■ PROBLEM DESCRIPTION ■
Keeping every word the same, give again only the lines from the one with "collant polaire illusion parfaite" through the end of the data, both included, and leave every picture out.

***** DATA EXTRACT

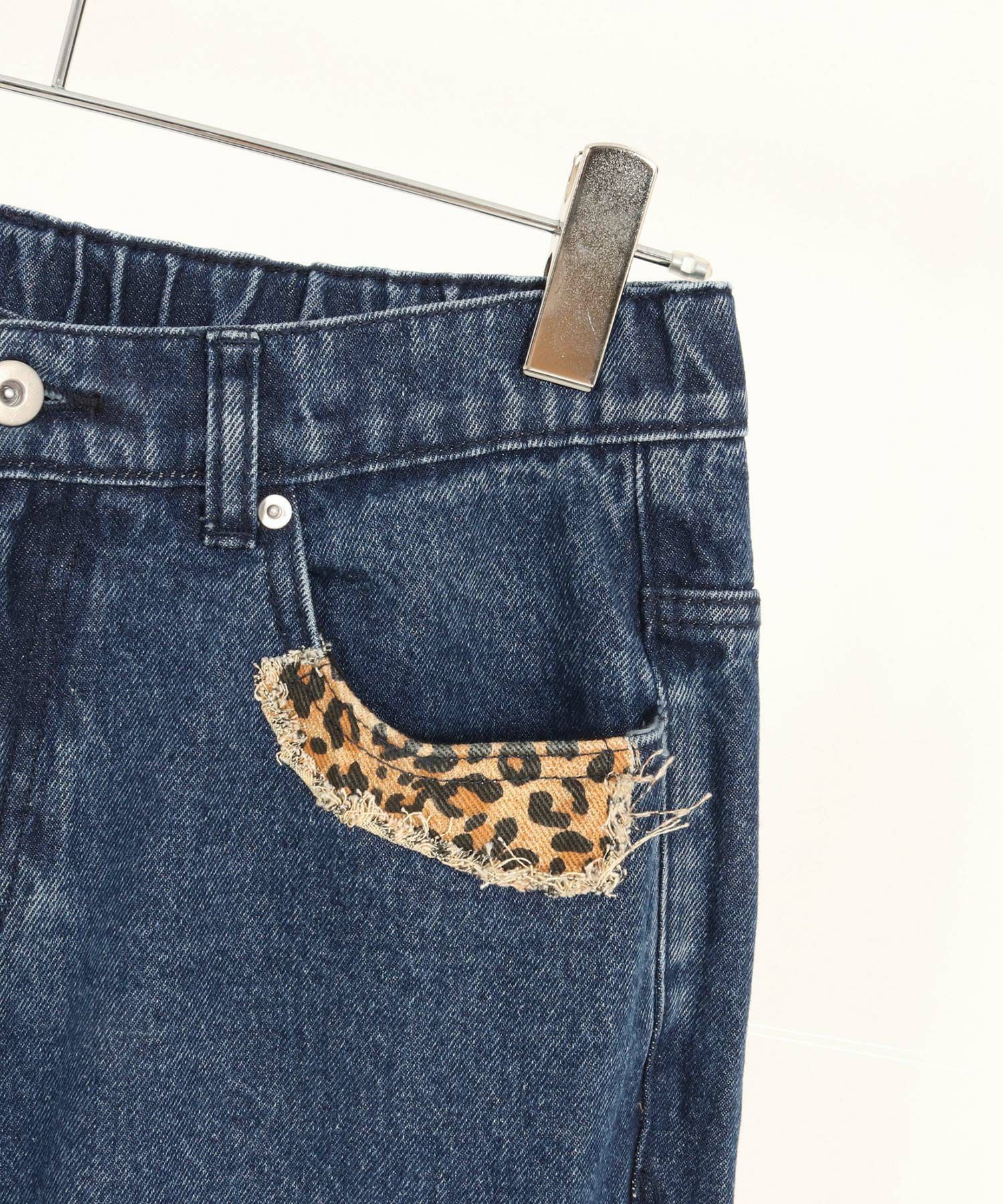 30%OFF【GLIMCLAP(グリムクラップ)】Distressed denim pants デニム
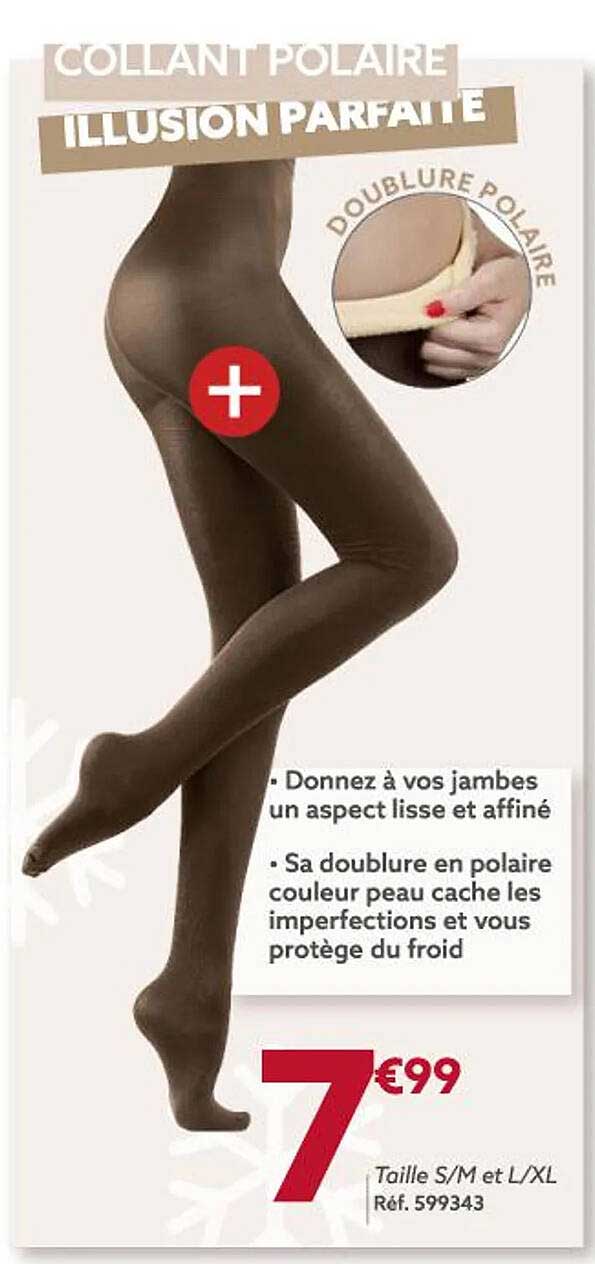 collant polaire illusion parfaite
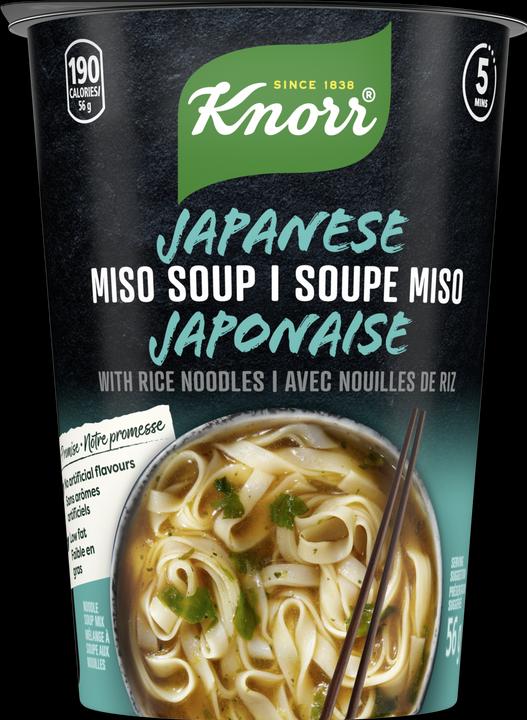 Produktbild Knorr Japanese Miso Becher, Asiatisch Japanisch Instant Nudeln Snack, in 5 Minuten zubereitet (56 g)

**********

■ SOLUTION BELOW ■
 collant polaire illusion parfaite
 Produktbild Knorr Japanese Miso Becher, Asiatisch Japanisch Instant Nudeln Snack, in 5 Minuten zubereitet (56 g)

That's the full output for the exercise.